◆ **Records for the task**:
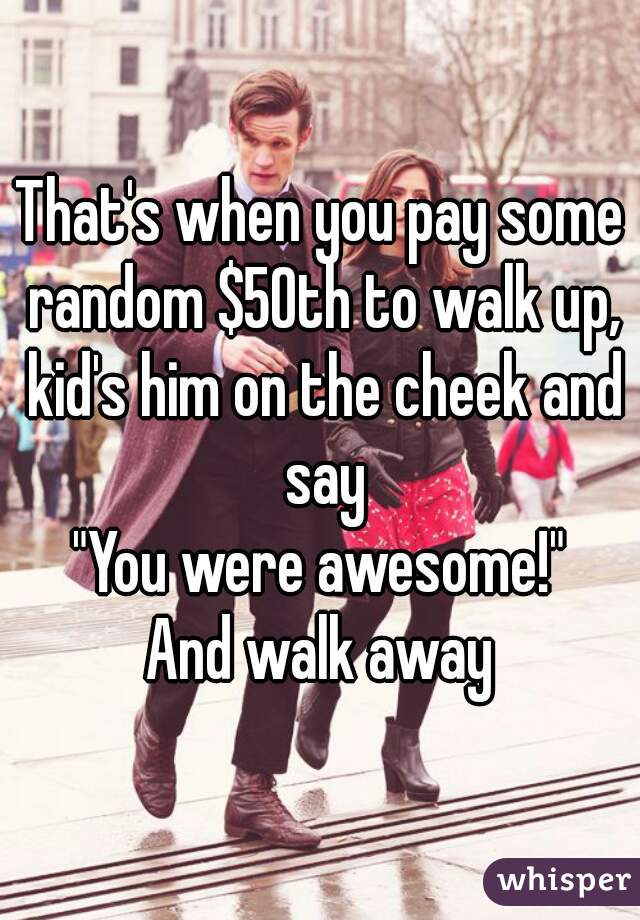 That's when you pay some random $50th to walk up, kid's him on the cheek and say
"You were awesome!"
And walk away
* * *
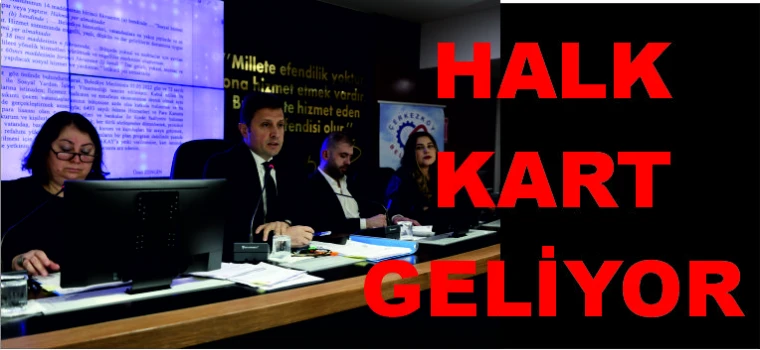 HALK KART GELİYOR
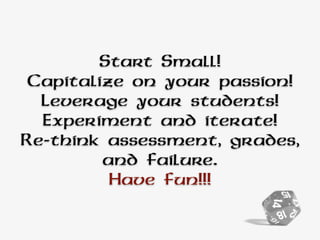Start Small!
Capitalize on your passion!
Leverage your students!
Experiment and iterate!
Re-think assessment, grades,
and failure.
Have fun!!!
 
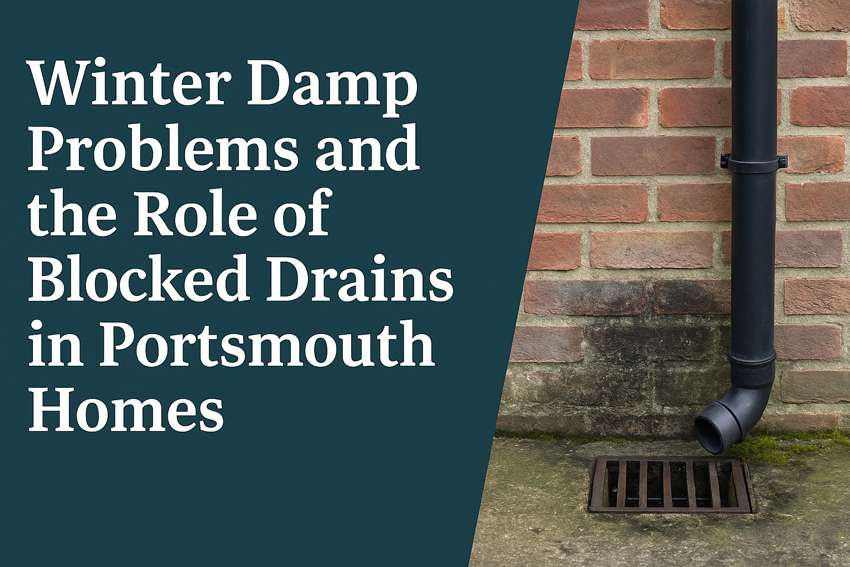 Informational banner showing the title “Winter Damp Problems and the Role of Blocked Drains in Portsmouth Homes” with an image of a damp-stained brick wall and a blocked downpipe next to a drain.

◆ **What needs to be done**:
Copy out, from the records above, every line that holds the string "your".

◆ **Solution to this task**:
Capitalize on your passion!
Leverage your students!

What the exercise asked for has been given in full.